Fumo e denti: è risaputo che i danni del fumo di sigaretta si ripercuotono sull’intero organismo, dall’apparato respiratorio a quello cardio-vascolare. Un errore comune è quello di sottovalutare le conseguenze del fumo sulla salute orale, preoccupandosi spesso degli effetti meno gravi come gli inestetismi legati alle pigmentazioni da nicotina o l’alito cattivo, senza invece prestare attenzione ai segnali più importanti, come gengive infiammate o sanguinanti, che potrebbero degenerare in parodontiti.

Le cause della correlazione fra il fumo e le malattie parodontali.

Il fumo è considerato il principale fattore di rischio predisponente alla parodontite. Infatti nel fumatore la probabilità di sviluppare una grave malattia parodontale è tripla rispetto ad un non-fumatore; inoltre le possibilità di successo, se sottoposto a terapia parodontale, sono ridotte della metà. Questo accade perché nei fumatori c’è una diminuzione della produzione di saliva, il cui compito è di bilanciare il pH della bocca. Ciò si traduce in un aumento del livello di acidità della bocca, con la conseguente formazione di placca e tartaro, e quindi rischio di infiammazione alle gengive o gengivite.

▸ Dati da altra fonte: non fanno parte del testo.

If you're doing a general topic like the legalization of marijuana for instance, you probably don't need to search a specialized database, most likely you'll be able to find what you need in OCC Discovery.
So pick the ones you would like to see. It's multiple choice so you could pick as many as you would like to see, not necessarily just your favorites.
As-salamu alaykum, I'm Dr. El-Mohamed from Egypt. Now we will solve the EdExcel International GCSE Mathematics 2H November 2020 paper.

La nicotina ha inoltre un effetto vasocostrittore. Il ridotto afflusso di sangue e ossigeno al parodonto diminuisce le sue capacità rigenerative e immunitarie, rendendo il cavo orale un ambiente adatto alla proliferazione di batteri anaerobici. Questi batteri, particolarmente aggressivi e nocivi e responsabili delle lesioni parodontali più importanti, sono solitamente presenti nelle tasche gengivali più profonde nei non-fumatori, mentre nella bocca del fumatore riescono a colonizzare anche le tasche gengivali meno profonde.

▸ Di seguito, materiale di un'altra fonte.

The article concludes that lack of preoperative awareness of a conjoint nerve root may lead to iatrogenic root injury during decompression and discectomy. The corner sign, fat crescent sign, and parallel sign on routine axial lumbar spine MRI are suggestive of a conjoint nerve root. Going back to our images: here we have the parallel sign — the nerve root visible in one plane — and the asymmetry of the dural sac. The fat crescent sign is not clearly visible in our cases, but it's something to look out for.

L’effetto vasocostrittore del fumo di sigaretta maschera oltretutto i sintomi tipici delle gengive infiammate. La ridotta circolazione sanguigna si traduce in minor gonfiore e arrossamento, e quindi minor sanguinamento spontaneo. Questo fa sì che ci si possa accorgere in ritardo della presenza di una gengivite, portando al conseguente sviluppo di una malattia parodontale.

 

Gli effetti del fumo in implantologia e nelle terapie parodontali.

Gli effetti del fumo di sigaretta si traducono anche in un maggior insuccesso in implantologia, dove il rischio di fallimento implantare è doppio se comparato con i risultati sui pazienti non-fumatori. Questo è dovuto al fatto che l’assunzione prolungata nel tempo di nicotina rende più rarefatta la struttura ossea, influenzando negativamente l’osteointegrazione e causando un fallimento implantare. Inoltre il fumo, dopo l’inserimento dell’impianto, può infiammare il tessuto che lo circonda e causare una perimplantite.

Fumare incide sfavorevolmente anche sul risultato delle terapie parodontali come la chirurgia osseo-resettiva e rigenerativa o la chirurgia muco-gengivale, perché rallenta i processi di guarigione delle ferite e la rigenerazione ossea.

Per quanto gli effetti del fumo sui tessuti parodontali siano dose-dipendenti, non fumare nelle settimane precedenti e successive ai trattamenti implantari può migliorare il risultato finale dell’intervento.

Solo fumo e denti? non parliamo poi del rapporto, ormai ampiamente dimostrato, tra il fumo di sigaretta e il cancro orale: basta tenere presente che la leucoplachia (una condizione precancerosa, vale a dire una patologia del cavo orale in cui è più frequente che si sviluppi un carcinoma rispetto ad una controparte apparentemente sana) ha come unico agente etimologico riconosciuto proprio il fumo di sigaretta.

Motivo in più per dire: fumo? no grazie!